I have a humiliating confession to make. I actually allowed myself to watch the first twenty minutes of Hot Tub Time Machine. As bad movies go, it’s even worse than Cutthroat Island, which at least had art direction and tall ships going for it. I guess I expected at least a moment of humanity from John Cusack, but I found the whole premise powerfully depressing and boring and grating in its vulgarity. The point, for the sake of this here blog, is this: it was bad. Really bad.
And yet, would it be fair to say that millions of people have seen it? Or at least hundreds of thousands? I think so. As of this writing, Box Office Mojo claims it has grossed more than $64 million worldwide.
Well let’s just take a leap across the Snake River Gorge a minute and call it “art.” Whether the story is good, bad, or ugly, the real artists are the salesmen and marketers who get this stuff watched by the theater going public. There’s a convention in stories about filmmaking to depict “the suits” as the dreary corporate functionaries who show up on the set and smother creativity. The “artists” are the writers and the directors and the actors. The “bean counters” are the studio guys, driving nice cars and sporting cuff links, who write the big checks and pollute the pure poetry of the project. The “artists” don’t care about money — even though some of them make a lot of it. The bean-counters don’t care about story-telling, even though they have to be very good at it, indeed, to convince average people Hot Tub Time Machine is funny.
Well, again, let’s just say we were actually talking about art. Even if the story, and its execution, were a kind of glittering wet emerald, a picture of narrative perfection, it would still take the working capital of a major distribution company and the publicity-genius of a master marketer to get people talking about it. Money alone can’t buy an audience, any more than it can buy voters–or Meg Whitman would now be governor of California. Since money alone can’t buy an audience, the people who create a following for a project deserve to be called artists themselves.
As near as I can tell, for my own education on the matter, the art supply box of a good story-seller includes:
- A willingness to exploit the “newness” of the story during its pregnancy. People are more excited about the feature now in theaters or the new season of a show. The phrase “Coming this Fall” has weight for a reason.
- How credentialed are the performers and the director? Americans trust known faces. Europeans trust known directors. I’ve seen independent films marketed with what amounts to a borrowed celebrity face. One of the performers may actually look like Robert Duvall, and if that picture is available, that’s the one that goes on the DVD case.
- Does the story involve the end of civilization or touch upon something cataclysmic? Say so. When we were kids around the campfire, we gravitated, against our better judgment, to scary stories. I actually won’t watch a horror flick, but most stories have to at least appear brave about something that is gravely important. Even comedies like Meet the Parents have an element of danger: Ben Stiller has to measure up as a son-in-law for Robert De Niro?
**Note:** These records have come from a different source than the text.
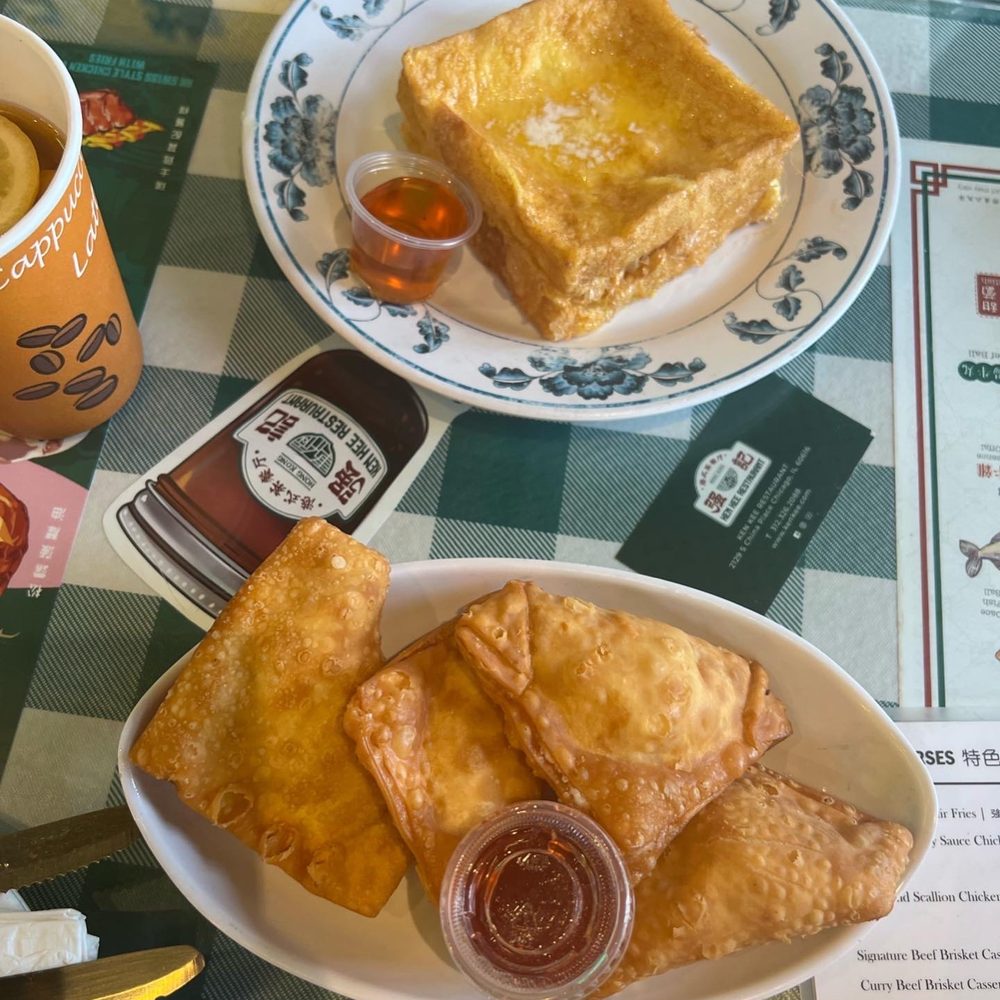 Ken Kee - Crab Rangoon and HK toast with honey - Seafood Near Me - Chicago, Illinois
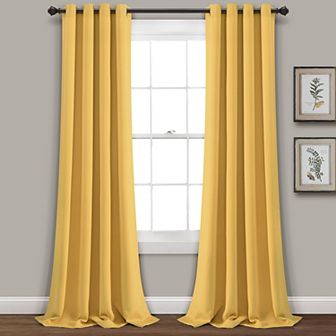 Lush Decor Insulated 100% Blackout Window Curtains Set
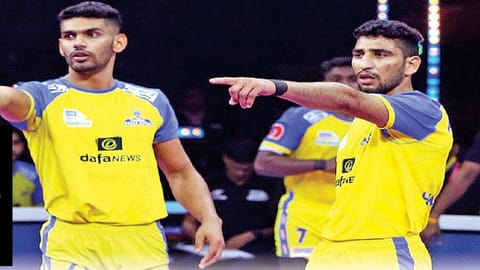 Tamil Thalaivas players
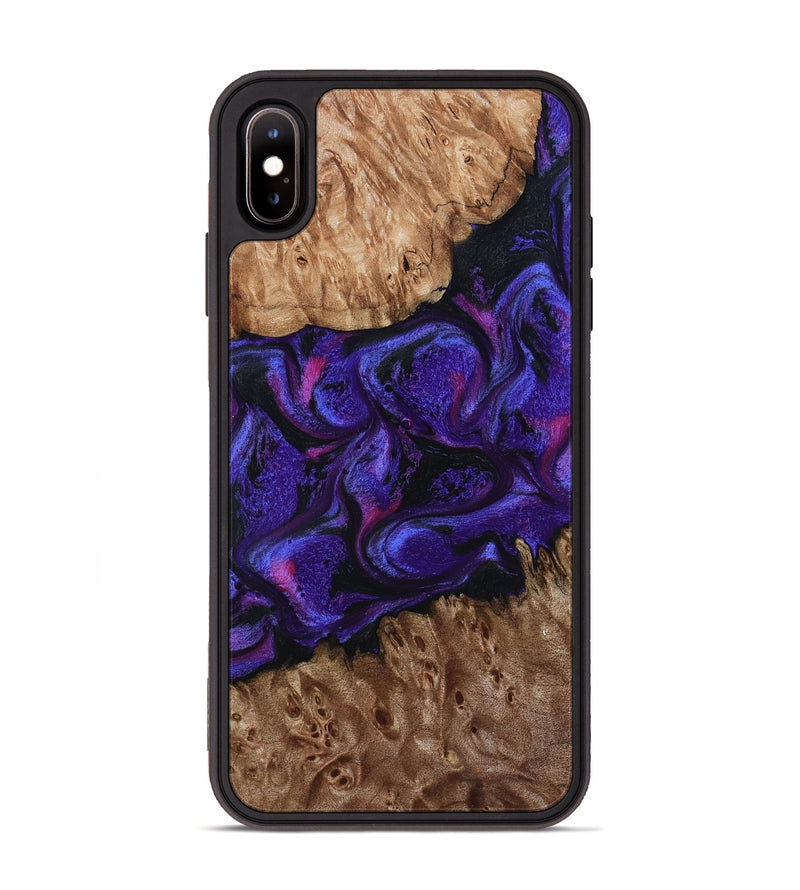 iPhone Xs Max Wood Phone Case - Deana (Purple, 793180)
The humor itself radiates out from the coiled premise itself.
- News. Is the world currently obsessed with something the story confronts? I watched a trailer for the movie The Conspirator and the dialogue seemed lifted right out of the War on Terror headlines–even though this was a post Civil War flick. When Cinderella Man first appeared in theaters, there was a news story about Russell Crowe assaulting a hotel employee. Coincidence? It’s too expensive to pay for the world to talk about your story, if you’re doing it with display ads and billboards. Sometimes, I guess you have to take the other way around. You let your story speak to the country’s current gossip. (But don’t assault a hotel employee.)
- Sometimes playing hard-to-get works. This might be little more than a pricing strategy, but we pay $11 to see the movie in the theater and $2.95 to watch it, six months later, on Itunes. On a metaphysical level, when you talk about your show or your film, you have to act like the audience will be lucky to get to see it. (You don’t have public meditations like this one, in other words, but this only for subscribers anyway; I figure you’re family if you’re reading this far.)
- Pitch the story to people who will talk about it. Find a small, passionate group of story “heat-seekers” who want the newest story on your topic and spend money and time there first. They buy your story because of its content, but they sell the story to their friends based on their credibility with them.
- Give it away, or give a little bit of it away. Costco sells more pizza if there’s a lady on the end of the freezer aisle giving out samples. Complimentary tickets to the premiere, free DVDS, that sort of thing.
- Don’t give very much of it away, just enough to get them addicted. Remember, youtube is free, and mostly free for a reason.
- Computers and reference books are sold, in some measure, because parents fear they aren’t doing the best for their children if they don’t buy them the latest and the greatest. If you are selling something of quality, don’t be afraid to take your customers on a bit of a guilt trip.
- Quote someone raving about it, preferably after someone actually does rave about it.
I suppose I should have a systematic blog post on whether we’re following these rules. Maybe Wilson will take that one.